The Turkey Twizzler thief has only himself to blame for the failure of Jamie’s Italian.
‘The world changed, the high street changed – it started to become Uber-fied… There’s that chain reaction, throw in a bit of Brexit, say the B-word, confidence goes and people’s habits changed.’
But can Brexit really be blamed? Since the Brexit vote, rising wages have held up strong consumer spending. So consumers have more cash in their pockets and are willing to part with it – they just don’t want to give it to Jamie Oliver. Why could that be?
Before Oliver blamed Brexit, he had another excuse: snobbery. Apparently, people didn’t want to go to Jamie’s because it wasn’t ‘posh’ enough. ‘If I’d have spent 13 years opening posh restaurants, I could assure you they’d all be open today’, he said to You magazine.
It’s a bit rich for Oliver to complain about snobbery, when he is the real snob here. His concerns about ‘unhealthy’ food are dripping with class snobbery. Over the years, he has said that poor, obese people ‘think in a different gear’. He has called working-class parents who give their kids fizzy drinks ‘arseholes’, ‘tossers’ and ‘idiots’. And in unguarded outbursts he has moaned about poor people having big TVs, getting drunk on weekends, and not sitting around the table for dinner. ‘Their poverty shows in the way they feed themselves’, he once said in an interview.
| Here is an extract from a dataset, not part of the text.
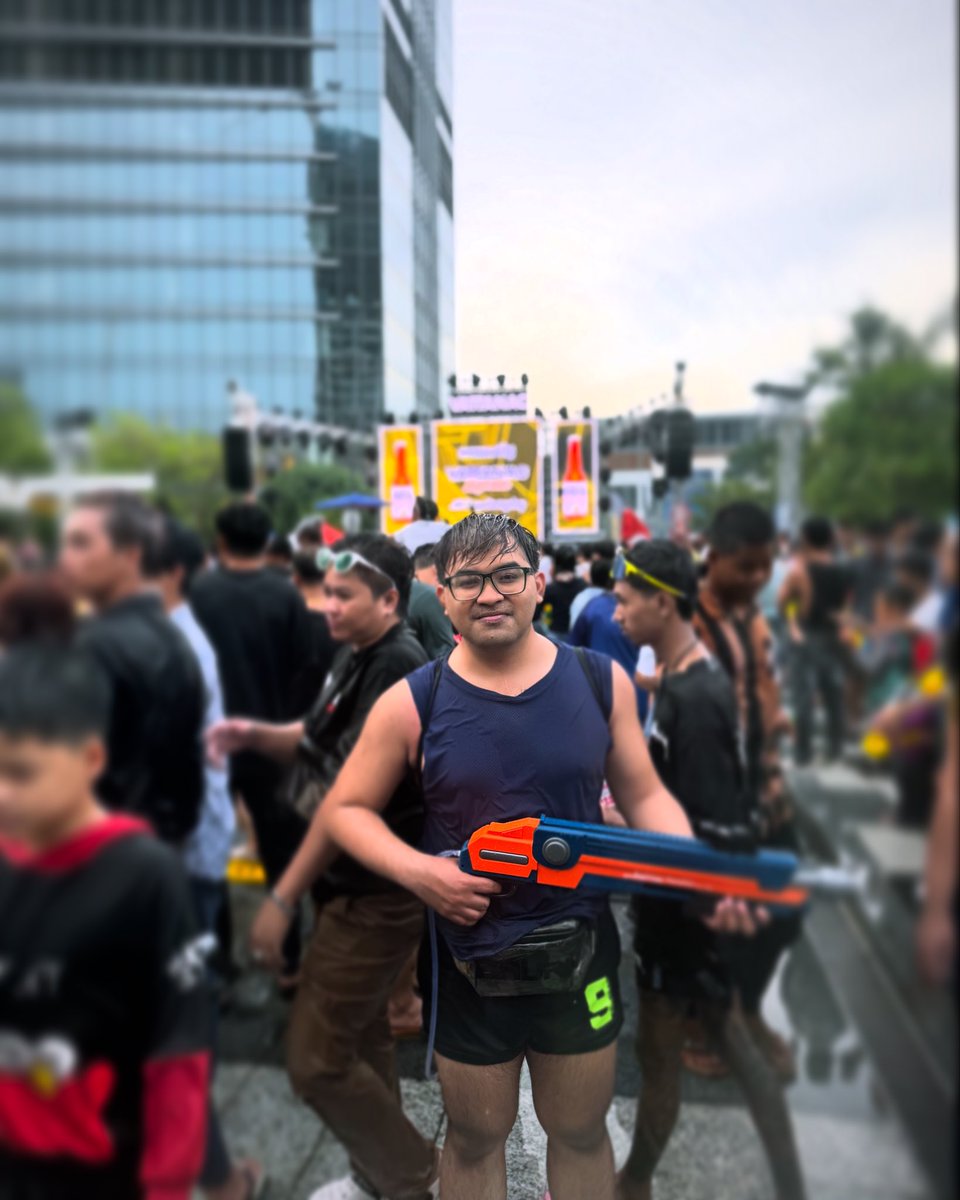 CelestialK33452's tweet photo. 🥲ស្អែក ដល់ថ្ងៃចូលធ្វើការវិញបាត់ https://t.co/YSnyT3a6M0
Thanks to his school-dinners crusade, a whole generation blames Oliver for depriving them of their beloved Turkey Twizzlers. Others blame his sugar-tax campaigning for ruining the taste of popular soft drinks like Irn Bru and Lucozade.
Jamie Oliver’s restaurants going bust? Good, that’s what you get for ruining irn bru and original lucozade ya cunt
— Rev. I Am Jolly (@will_car86rfc1) May 21, 2019
It is Oliver’s own snobbery that has been his undoing.